Should we perhaps add a test with an ONNX model for which ndim is not known beforehand to have an example of why keep_dims approach is introduced?

Thank you for the suggestion. I’ll consider how to implement it.

UPD: This problem is reproduced on timm/visformer_small model from the ptq scope.

UPD: tests/onnx/test_nncf_graph_builder.py::test_unknown_shape test was added

daniil-lyakhov · 2025-10-16T14:47:17Z

src/nncf/experimental/common/tensor_statistics/collectors.py

-    def __init__(self, reduction_axes: Optional[ReductionAxes] = None, inplace: bool = False):
+    def __init__(
+        self,
+        reduction_axes: Optional[ReductionAxes] = None,


Should we forward this parameter in the children of the TensorReducerBase?

daniil-lyakhov · 2025-10-16T14:47:54Z

src/nncf/experimental/common/tensor_statistics/collectors.py

+    def __init__(
+        self,
+        reduction_axes: Optional[ReductionAxes] = None,
+        keep_axes: Optional[tuple[int, ...]] = None,


Suggested change

keep_axes: Optional[tuple[int, ...]] = None,

keep_axes: Optional[Axes] = None,

Perhaps we could rename ReductionAxes and reuse them there?

daniil-lyakhov · 2025-10-16T14:49:44Z

src/nncf/experimental/common/tensor_statistics/collectors.py


    def __hash__(self) -> int:
-        return hash((self.__class__.__name__, self.inplace, self._reduction_axes))
+        return hash((self.__class__.__name__, self.inplace, self._reduction_axes, self._keep_axes))


Perhaps we should update __hash__ methods for some of the TensorReducerBase as well

daniil-lyakhov · 2025-10-16T15:01:23Z

tests/cross_fw/test_templates/test_smooth_quant.py


-    def test_get_abs_max_channel_collector(self, inplace_statistics: bool):
-        backend = self.get_backend()
-        reduction_axes = (3, 2, 1)


Please test self._backend_entity.get_abs_max_reducer_cls() and _backend_entity.get_shape_reducer_cls

daniil-lyakhov · 2025-10-16T15:04:09Z

src/nncf/quantization/algorithms/smooth_quant/algorithm.py

+            if model_backend == BackendType.ONNX:
+                keep_axes = (self._backend_entity.get_activation_channel_axis(node_to_smooth, input_act_port),)
+                reduction_axes = None
+            else:
+                keep_axes = None
+                reduction_axes = self._calculate_input_reduction_axes(graph, node_to_smooth, input_act_port)

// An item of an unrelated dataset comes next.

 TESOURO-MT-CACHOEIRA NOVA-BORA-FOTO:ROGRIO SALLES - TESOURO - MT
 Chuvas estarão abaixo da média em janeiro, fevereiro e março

Usually we create a method in the backend to resolve such situation, why don't you introduce a method in the backend? The comment could be placed as a docstring for the method

It helps simplify the code and avoid duplication.

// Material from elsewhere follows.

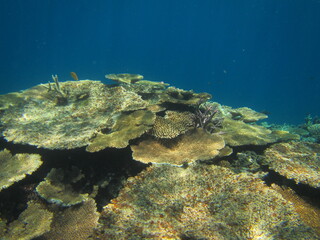離島宮古島の珊瑚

daniil-lyakhov · 2025-10-16T15:08:10Z

src/nncf/quantization/algorithms/smooth_quant/algorithm.py

+            ):
+                stats = tensor_collector.get_statistics()
+                shape = stats[SHAPE_BRANCH_KEY]
+                shape = tuple() if shape is None else tuple(shape.tolist())


When shape could be None?

nncf/tests/cross_fw/test_templates/test_ptq_params.py

Line 453 in 7eed8fc

def test_empty_statistics(self, mode, mocker):

If shape can be None only during testing and not in any real life scenario then I would suggest to properly mock the returned shape in tests, rather that adopting algorithm logic to support None shapes.

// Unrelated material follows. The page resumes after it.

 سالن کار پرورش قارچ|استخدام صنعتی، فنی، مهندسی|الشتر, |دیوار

src/nncf/experimental/common/tensor_statistics/collectors.py

andrey-churkin · 2025-10-23T11:09:26Z

@ljaljushkin @nikita-savelyevv @daniil-lyakhov Please review

nikita-savelyevv · 2025-10-24T09:14:34Z

src/nncf/quantization/algorithms/smooth_quant/algorithm.py

+            ):
+                stats = tensor_collector.get_statistics()
+                shape = stats[SHAPE_BRANCH_KEY]
+                shape = tuple() if shape is None else tuple(shape.tolist())


If shape can be None only during testing and not in any real life scenario then I would suggest to properly mock the returned shape in tests, rather that adopting algorithm logic to support None shapes.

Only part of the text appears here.